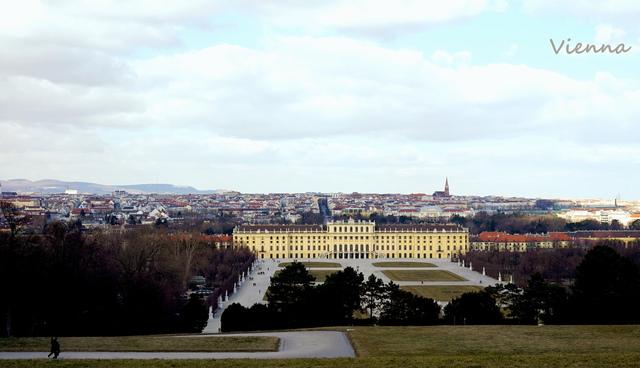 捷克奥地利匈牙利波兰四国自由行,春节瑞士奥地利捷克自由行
* * * * *
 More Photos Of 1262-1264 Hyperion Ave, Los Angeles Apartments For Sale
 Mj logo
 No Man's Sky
* * * * *
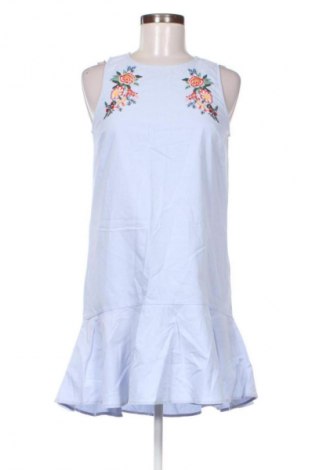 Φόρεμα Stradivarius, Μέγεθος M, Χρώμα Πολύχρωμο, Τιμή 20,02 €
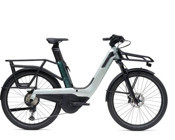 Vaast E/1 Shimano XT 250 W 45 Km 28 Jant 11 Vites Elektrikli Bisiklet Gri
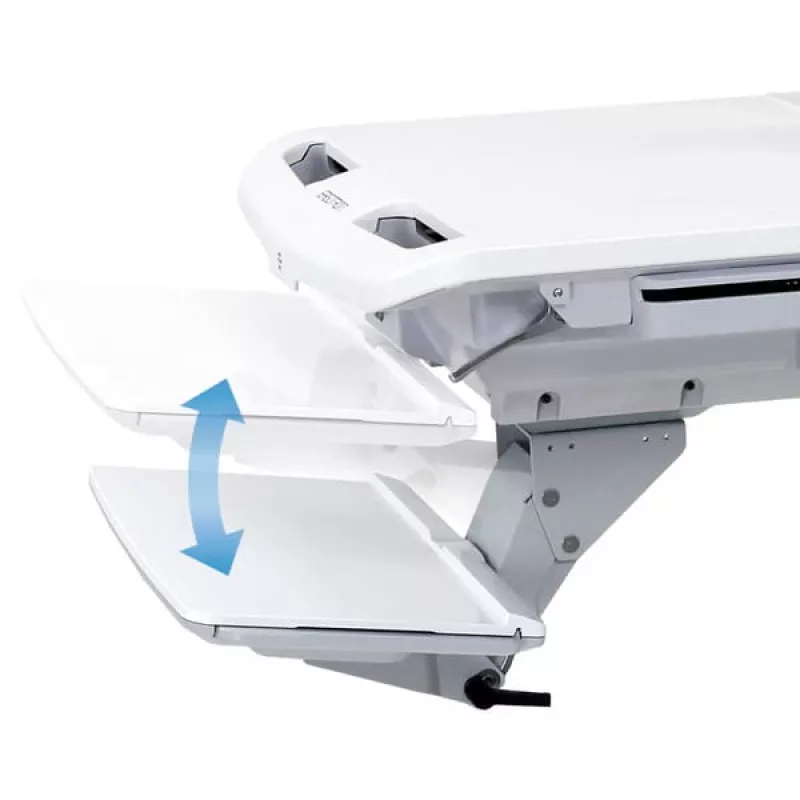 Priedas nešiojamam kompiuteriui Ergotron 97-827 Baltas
* * * * *
## What this task involves
Exact copy, pictures excluded: every line above from the one containing "Vaast E/1 Shimano" to the one containing "Priedas nešiojamam kompiuteriui", inclusive, and nothing more.

## Output for this task
 Vaast E/1 Shimano XT 250 W 45 Km 28 Jant 11 Vites Elektrikli Bisiklet Gri
 Priedas nešiojamam kompiuteriui Ergotron 97-827 Baltas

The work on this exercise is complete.